Sir George Adam Wood (1767 – 22 April 1831) was a British Army officer who served in the Peninsular War and fought at the Battle of Waterloo on 18 June 1815.

==Biography==
He was born the son of Lieutenant Adam Wood (d. 1773), who served with Captain Coote's Independent Company of Foot based at Landguard Fort, and Francis (d. 2 January 1822).

After passing through the Royal Military Academy at Woolwich, London, he received a commission as second lieutenant in the Royal Artillery on 24 May 1781. His further commissions were dated: lieutenant, 15 May 1790; captain-lieutenant, 7 January 1795; captain, 3 December 1800; major, 24 July 1806; lieutenant-colonel, 1 February 1808; brevet colonel, 4 June 1814; regimental colonel, 11 May 1820; major-general, 27 May 1825. He served with the army under the Duke of York in Flanders in the campaigns of 1793 to 1795, taking part in the principal operations. Shortly after his return to England he went to the West Indies, and was present under Sir Ralph Abercromby at the capture of Saint Lucia in May 1796, and of Saint Vincent in June of that year. In February 1797 he sailed with Abercromby's expedition from Martinique to the Gulf of Paria, was at the capture of Trinidad on 17 February, and at the subsequent unsuccessful attempt on Puerto Rico.

Wood served with distinction in the Mediterranean from 1806 until 1808; he then went to Portugal, took part in Sir John Moore's campaign, was at the Battle of Coruña on 16 January 1809, and returned with the British army to England. In July he was in the expedition under the Earl of Chatham to Walcheren, and was at the siege of Flushing and its capture on 14 August. He was knighted on 22 May 1812. He commanded the Royal Artillery of the army under Sir Thomas Graham (afterwards Lord Lynedoch), which co-operated with the allies in Holland and Flanders. Landing at Rotterdam in December 1813, he was at the Siege of Antwerp in January 1814, and at the action of Merxem on 13 January 1814. He was at the unsuccessful assault on Bergen op Zoom on 8 March, and the subsequent blockade of that place and of Antwerp. For his services he received brevet promotion, and was made an aide-de-camp to King George IV.

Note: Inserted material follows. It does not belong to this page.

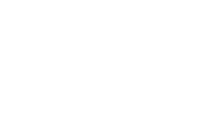 Konzept Backhaus Marketing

In 1815 Wood commanded the whole of the royal artillery in the Waterloo Campaign, in the battles of Quatre Bras (16 June) and of Waterloo (18 June), in the march to Paris and the operations against the fortresses of Maubeuge, Landrecy, Mariembourg, Philippeville, and Cambray, and at the entry into Paris on 7 July. For his services in this campaign Wood was mentioned in despatches, was made a Companion of the Order of the Bath (CB) on the 22 May 1812 and knighted when proxy to Sir J. C. Sherbrooke. He also received the Waterloo Medal, and was permitted to accept and wear the insignia of the fourth class of the Order of St. Vladimir (K.St.V) of Russia, the third class of the Order of Wilhelm of the Netherlands, and the knighthood of the Military Order of Maria Theresa (KMT) of Austria. The following year he was made a knight commander of the royal Royal Hanoverian Guelphic Order (KCH). He commanded the British artillery of the army of occupation in France until 1819, when he returned to England.

He was appointed Governor of Carlisle on 24 June 1825 and died in London on 22 April 1831.